The shilling closed at 91.50/60 to the dollar, compared with Friday's close of 91.25/35.

"It's due to improved liquidity in the market and mid-month (dollar) demand. Oil as usual. They picked a bit, and a bit of other corporates," said John Muli, a trader at African Banking Corporation.

Martin Runo, a senior trader at Chase Bank, said the shilling was also under pressure due to a stronger dollar on global markets.

On Monday, the central bank mopped up 15 billion shillings ($163.84 million) in excess liquidity, the first time it has conducted any mop ups since Jan. 21.
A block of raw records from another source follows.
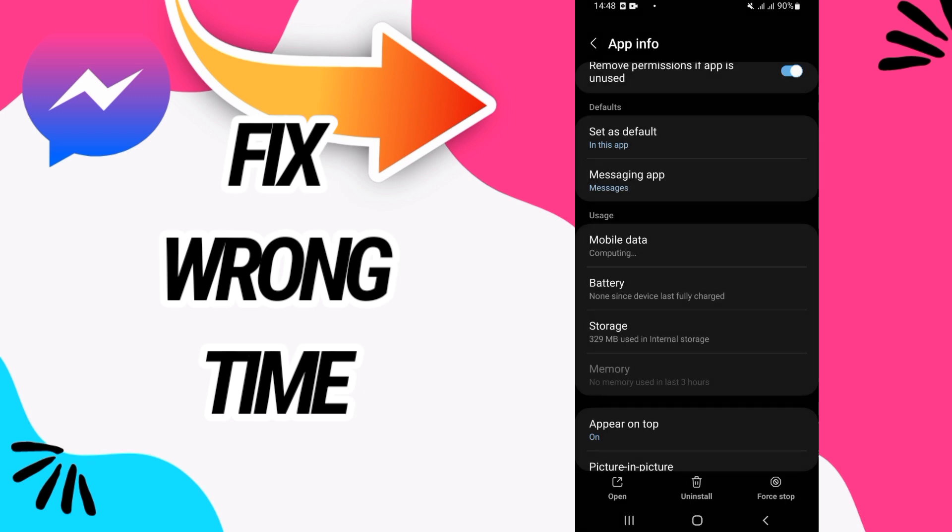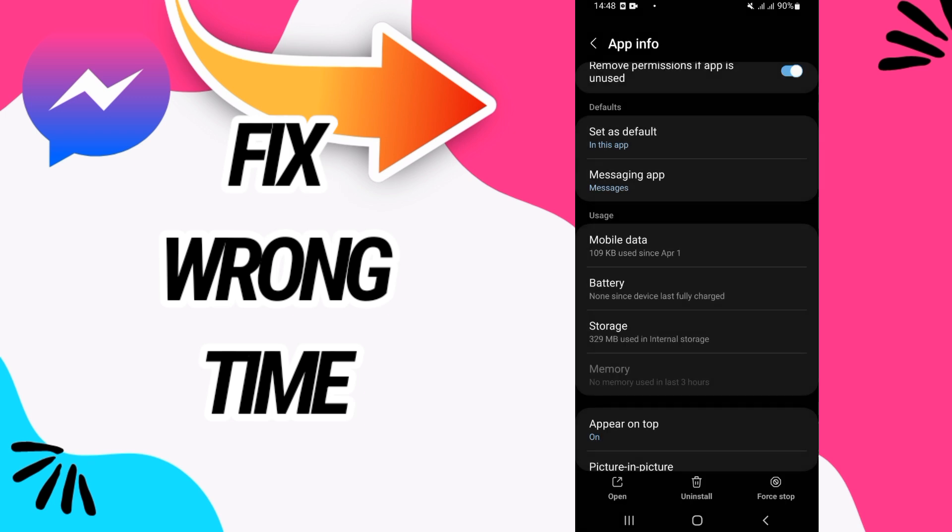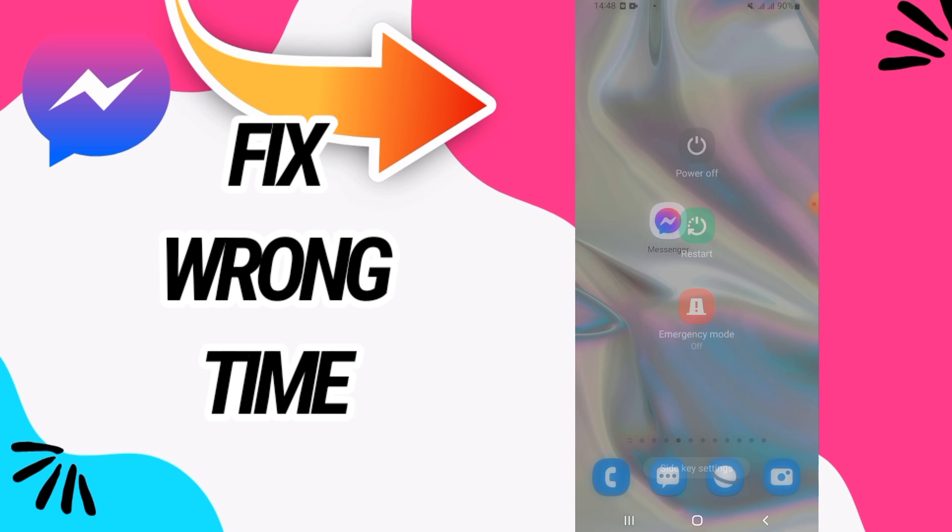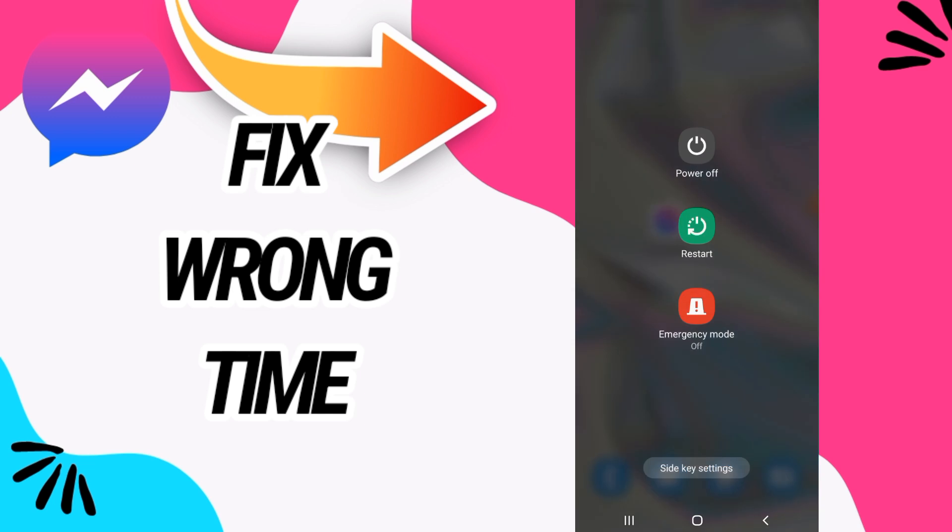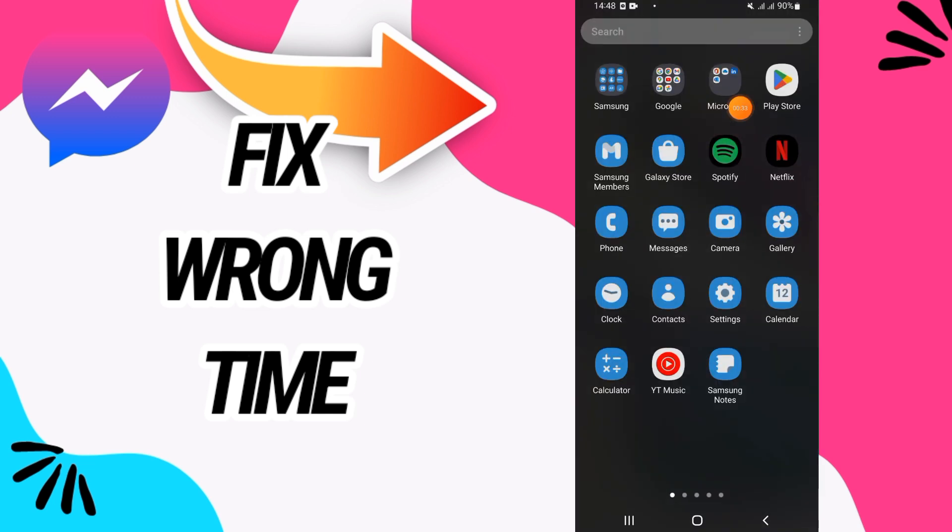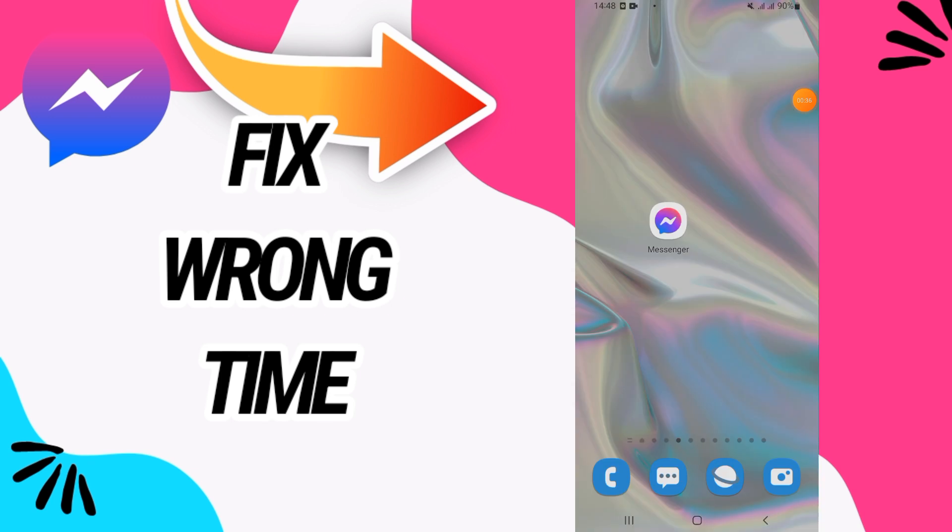Then you have to back and click on Force Stop and click OK. Now you have to restart your phone. After starting your phone, go to your Play Store and update your Messenger. And that's it! I hope this video is helpful for you.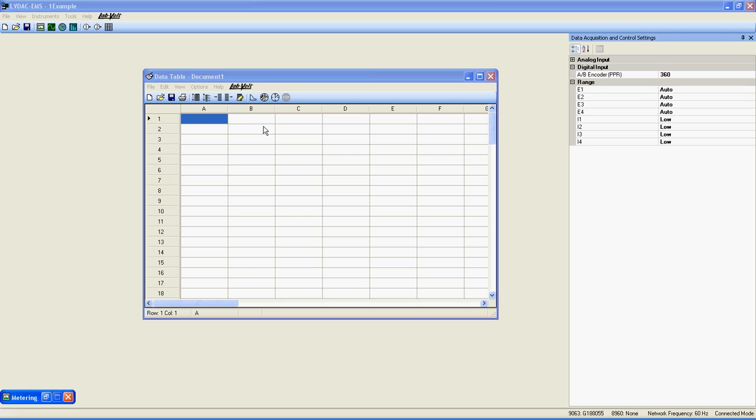This sounds like a lot of options to work with, but in fact, it remains quite simple to use. Let's do a complete example of what this data table can do.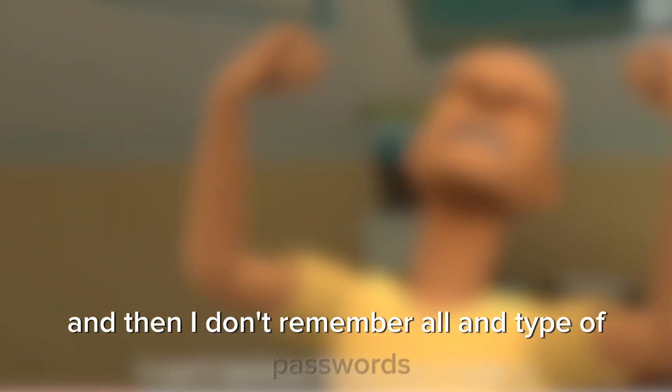Sadly, because I don't even know, I tried to log in my password. I don't remember my password. And then I don't remember all type of passwords. I only know my password schemes.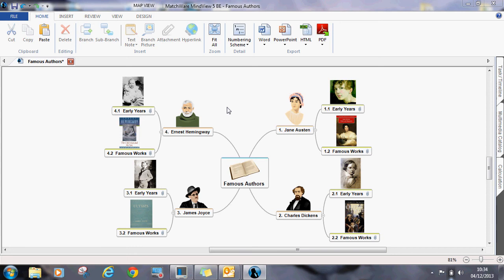MindView allows students to create their assignments in a visual mind map and then automatically converts them into a more linear, academic Word document.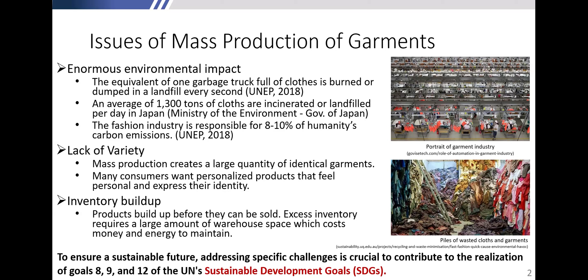A lack of variety in production generates a large quantity of the same type of clothes being produced over and over again. Many customers want personalized production, but mostly there is mass production of just one specific size or type of fabric. There is a huge inventory buildup of goods that cannot be sold, and excess inventory requires a large amount of warehouse space, expanding resources and energy. Addressing those issues is required in order to think about a sustainable future.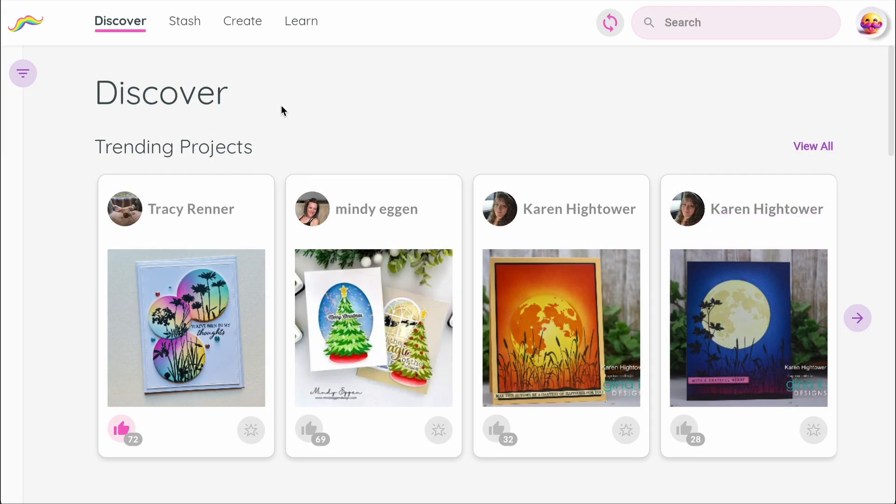Welcome everyone. When you log into Mustache, the first thing I want you to notice is the main navigation bar. It's how you move around the app.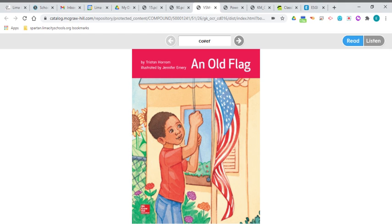Your decodable reader this week is An Old Flag, and you've got that long O sound at the beginning of old.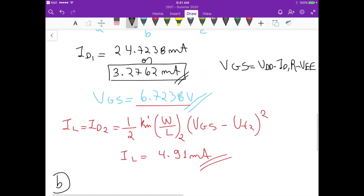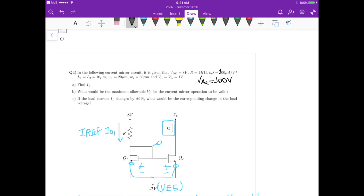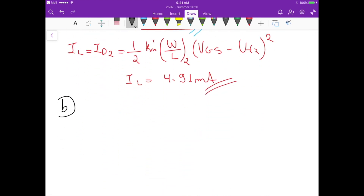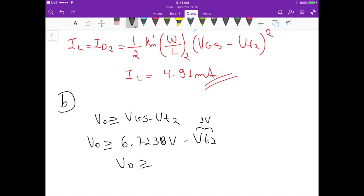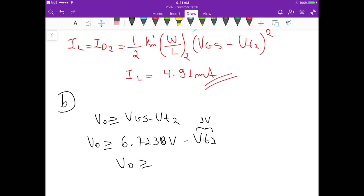For part b, we verify the condition for valid current mirror operation — specifically, the maximum allowed output voltage Vout. The condition is that the output voltage must always be greater than VGS minus VT2, i.e., greater than the overdrive voltage. Substituting VGS equals 6.7238 volts and VT2 equals 1 volt, the condition is Vout greater than 5.7238 volts.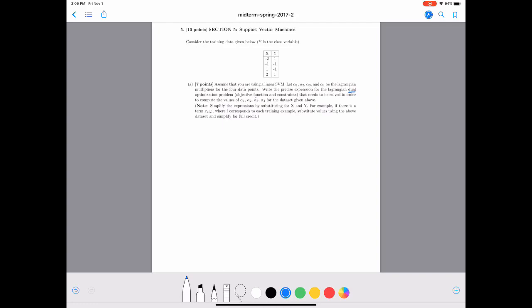We are especially interested in the dual. Remember that there are two optimization problems: the primal and the dual. We solve the primal to reach the dual, then solve the dual to get the final values. We want the objective function we are going to maximize, and we also need to write down the constraints to solve for alpha 1 through alpha 4.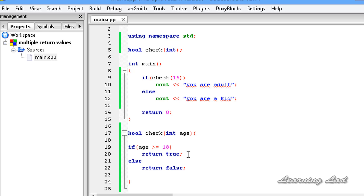If you want to return multiple values, you need to use pointers by returning the address of a variable. Thank you for watching, and don't forget to subscribe and like my Facebook page at facebook.com/learninglad. I will see you in the next tutorial.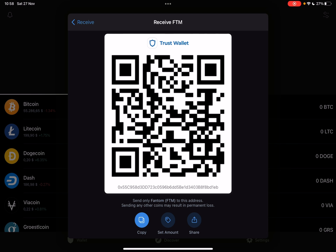You can even scan your QR code yourself if you have Phantom Coin in a different wallet and want to transfer it to Trust Wallet — it's very easy to do.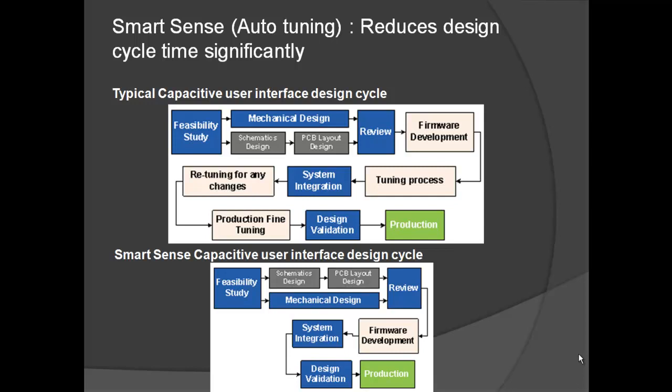SmartSense is the latest capacitive sensing innovation from Cypress. The most complex stage of a capacitive user interface design is tuning. In the initial design phase, system needs to be tuned based on system conditions like noise, overlay material, overlay thickness, etc.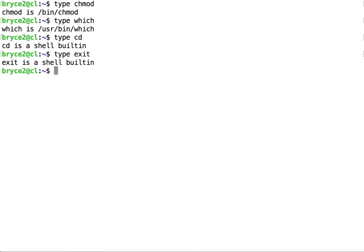As you can see, by using the Type command we can discover which of these categories a command fits into.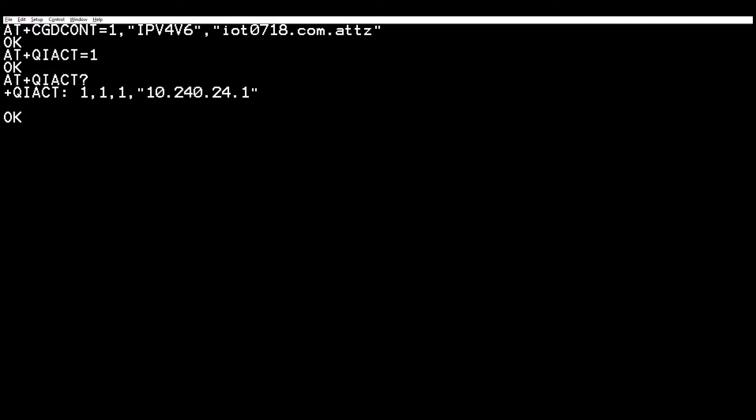So far we have checked the signal strength, set up the PDP context, activated the PDP context, and then just to make sure it actually worked and received an IP address, we asked it what its IP address was. It came back with a valid IP address, so we know we've got a real IP address and should be good to go to initiate the socket. The next thing we want to do is actually open a socket to an endpoint on some sort of a server online.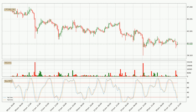Generally, the bigger timeframes have a bigger impact on the price, so please keep that in mind when different timeframes show contrasting indicators. Also, the shorter timeframes are only representative for short-term trading.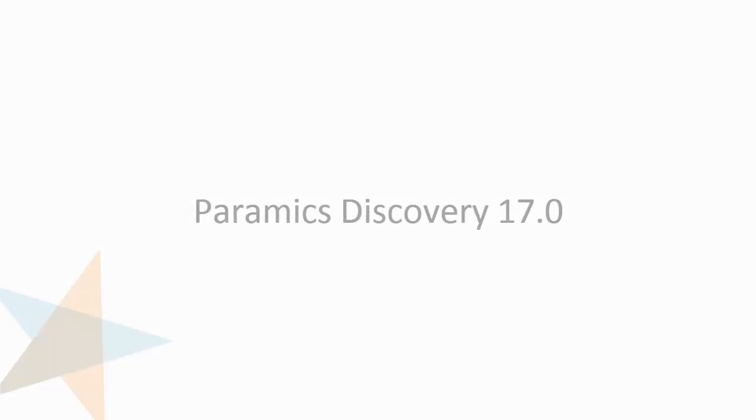Thanks for listening to this Paramix Discovery tutorial. Paramix Discovery 17 is coming in November 2016 and you can download it then from our website.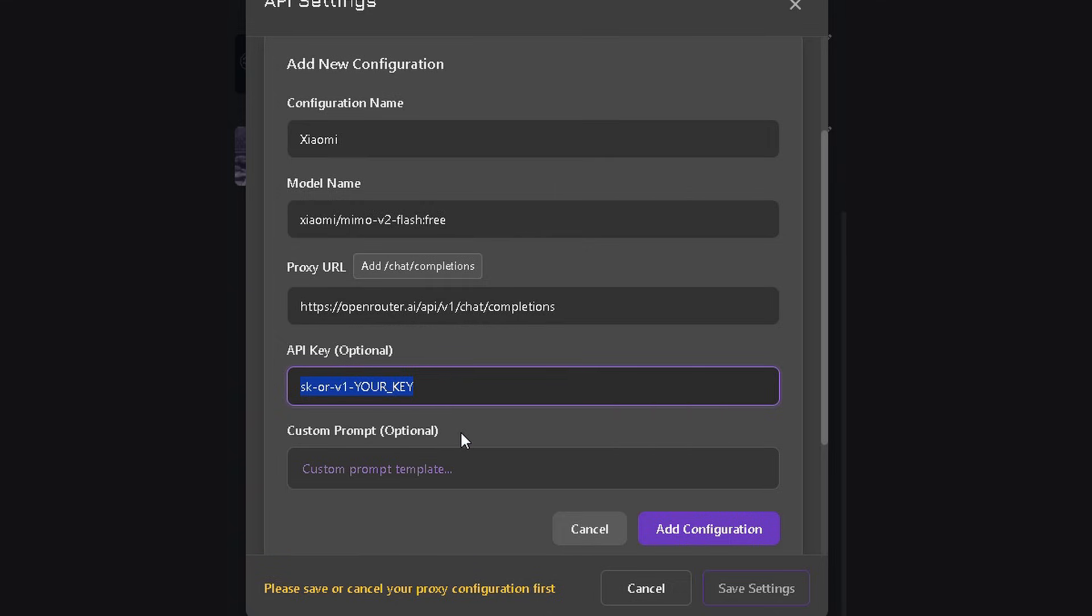Now let's fix the system prompt. This part is very important, guys. It defines how the model replies to your messages. It's basically a set of rules for the LLM.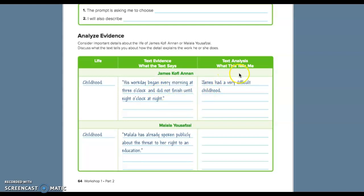The text analysis, what this tells you, he had a difficult childhood, right? So, the evidence from this tells us that his life as a kid was tough.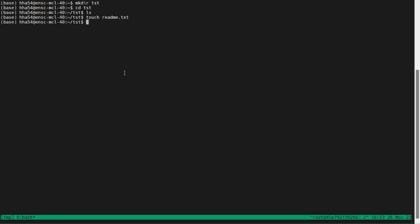So to create a Docker image, we first need to create the so-called Dockerfile. A Dockerfile is just a simple file by which we can create a Docker image. So let's create that — we say 'touch dockerfile' to create an empty file with the name 'dockerfile'.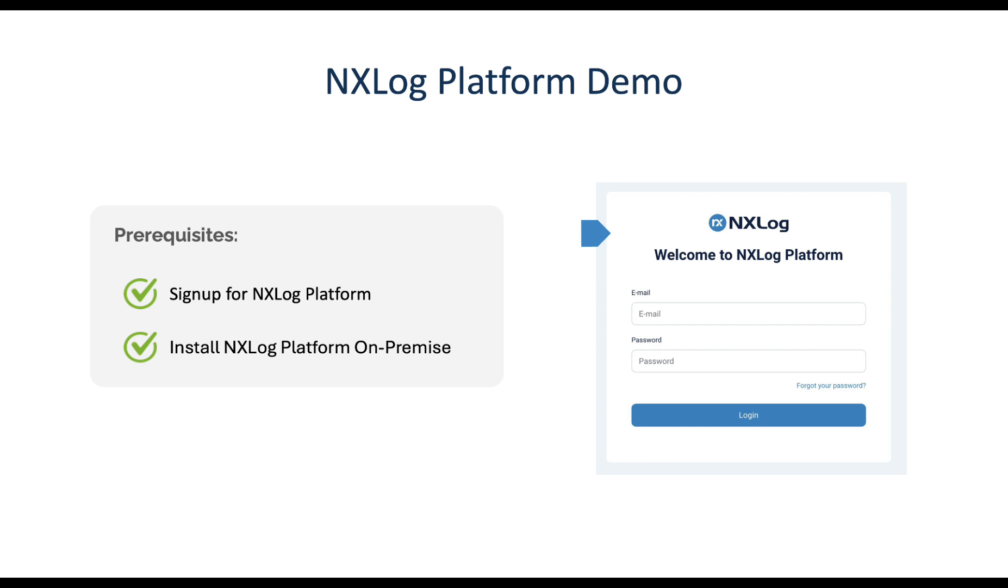In this demo we'll walk you through the key steps of setting up and using NXLog Platform to collect, store, and visualize telemetry data.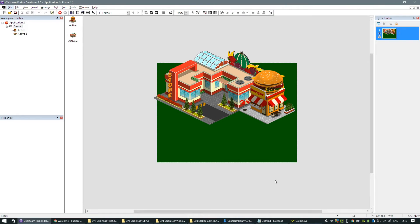Welcome to this video tutorial and quick snippet tutorial. I'm going to show you how you can create a quick message alert system for your Fusion 2.5 games. What I mean is if you're making a simulation game or a tycoon game, and you need a status bar at the bottom that scrolls across with periodic messages about the game, the player, the economy, the environment — whatever it is.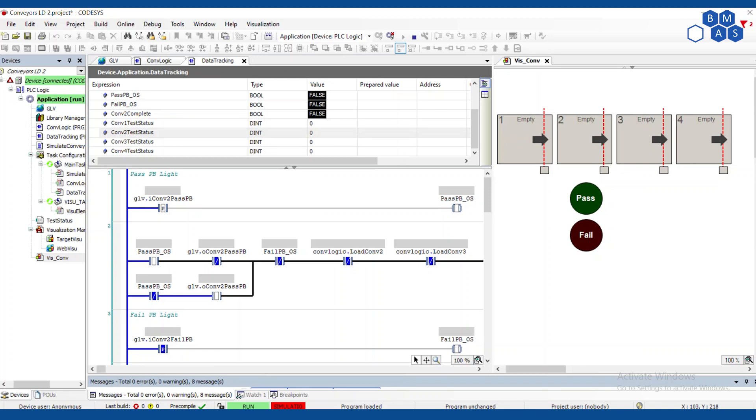Welcome back Controls Champions. I'm your host John and today we're going to talk about data tracking on conveyors. Let's jump in.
Last week, the shilling was receiving support from a shortage of the local currency after investors bought Treasury bills and bonds, draining local currency from the money markets.

The shilling rose to its strongest levels in more than two weeks on Thursday on hard currency inflows from coffee and tea earnings, non-governmental organisations and foreign direct investment into real estate.

Before that, the shilling had been losing ground in the past 12 months or so, partly undermined by a spate of militant attacks that hit the tourism industry, a vital source of dollar revenues.

Traders forecast the shilling to trade in the 91.30 to 92.00 range against the dollar in the days ahead.

On the Nairobi Securities Exchange, the main NSE-20 Share Index was up 15.53 points or 0.3 percent to close at 5280.72 points, rebounding from Friday's weakness.

The rise was driven largely by Safaricom whose shares rose 1.7 percent to close at 14.80 shillings.

Esther Njoroge, research analyst at Kestrel Capital, said there was no significant news on Safaricom, but that it was being driven by speculation.

"People are just generally positive about Safaricom... there hasn't been any major good news," she said.

Analysts see a better full-year performance for Safaricom, whose pretax profit for the first half ending September 2014 rose by almost a third to 21.1 billion shillings.

On the secondary market, government bonds worth 2.24 billion shillings were traded, up from 1.75 billion shillings traded on Friday.